Suhendra juga menyoroti kebijakan Presiden BJ Habibie pada 1999 yang mengizinkan referendum Timor Timur yang ia nilai keliru, karena hanya menyerahkan nasib wilayah yang kini menjadi negara tersendiri dengan nama Timor Leste itu hanya kepada rakyat Timor Timur, bukan kepada rakyat Indonesia secara keseluruhan.
“Kalau nasib wilayah provinsi diserahkan hanya kepada rakyat provinsi masing-masing, ego kedaerahan akan muncul, sehingga Aceh pun bisa demikian, nasibnya akan seperti Timor Timur yang lepas dari Indonesa.
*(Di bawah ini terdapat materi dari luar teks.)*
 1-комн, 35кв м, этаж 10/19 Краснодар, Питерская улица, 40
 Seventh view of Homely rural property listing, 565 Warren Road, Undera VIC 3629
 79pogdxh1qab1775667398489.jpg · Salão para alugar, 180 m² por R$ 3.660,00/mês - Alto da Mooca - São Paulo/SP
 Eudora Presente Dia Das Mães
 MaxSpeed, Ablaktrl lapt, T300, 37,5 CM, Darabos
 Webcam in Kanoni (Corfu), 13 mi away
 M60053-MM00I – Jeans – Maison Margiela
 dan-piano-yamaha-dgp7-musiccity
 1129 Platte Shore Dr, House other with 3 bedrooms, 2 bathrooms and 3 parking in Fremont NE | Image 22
Semestinya referendum untuk sebuah wilayah itu melibatkan seluruh rakyat Indonesia,” urainya sambil mengutip teori global paradoks di mana di era globalisasi ini ada kecenderuangan masyarakat justru ingin menjadi entitas yang lebih kecil dan eksklusif berdasarkan politik identitas seperti suku, agama, dan wilayah.
Suhendra mengaku siap mengerahkan 23 juta anggotanya yang tersebar di Sumatera, Sulawesi dan Maluku untuk menolak referendum Aceh.
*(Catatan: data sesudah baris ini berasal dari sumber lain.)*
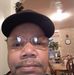 Timothy Eggleston - Facebook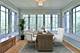 107 Washington Unit 2W, Oak Park, IL 60302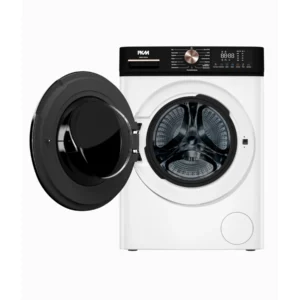 PKM Waschmaschine WA8-15TCA Weiß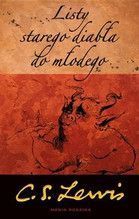 LISTY STAREGO DIABŁA DO MŁODEGO TW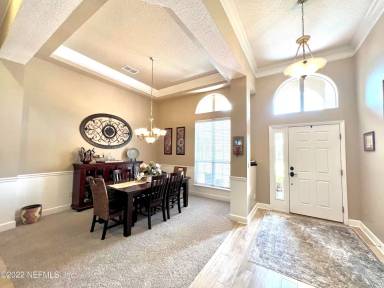 Main picture of 2549 Sunny Creek Dr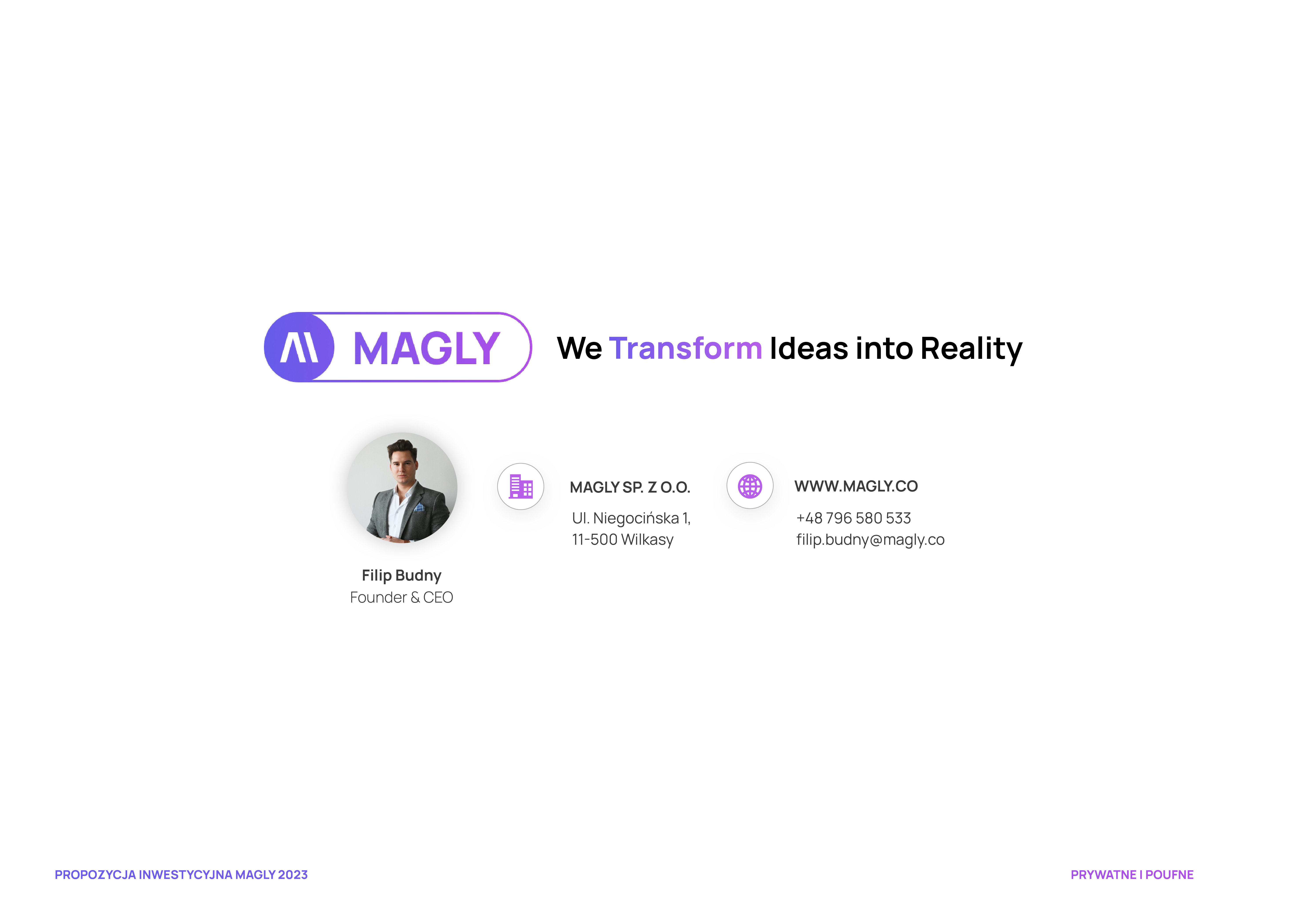 MAGLY PITCH DECK-78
“Kita siap show of force untuk menolak referendum Aceh demi keutuhan NKRI. Lepasnya Timor Timur jangan sampai terjadi lagi di wilayah lain,” tandas pria low profile yang juga Ketua Komite Perubahan Sepak Bola Nasional (KPSN) ini.
Sebelumnya, Muzakir Manaf yang juga mantan Ketua Komite Peralihan Aceh melontarkan wacana referendum Aceh dengan opsi lepas atau tetap menjadi bagian RI.
Ia khawatir Indonesia akan dijajah asing, dan juga kecewa karena banyak poin dalam Perjanjian Helsinki antara GAM dan RI yang tak dilaksanakan pemerintah RI.
Secara nasional pasangan capres dan cawapres yang didukung Partai Aceh, Prabowo Subianto-Sandiaga Uno, kalah dari pasangan petahana Joko Widodo-KH Maruf-Amin dalam Pilpres 2019 dengan perolehan suara 44,50% berbanding 55,50%.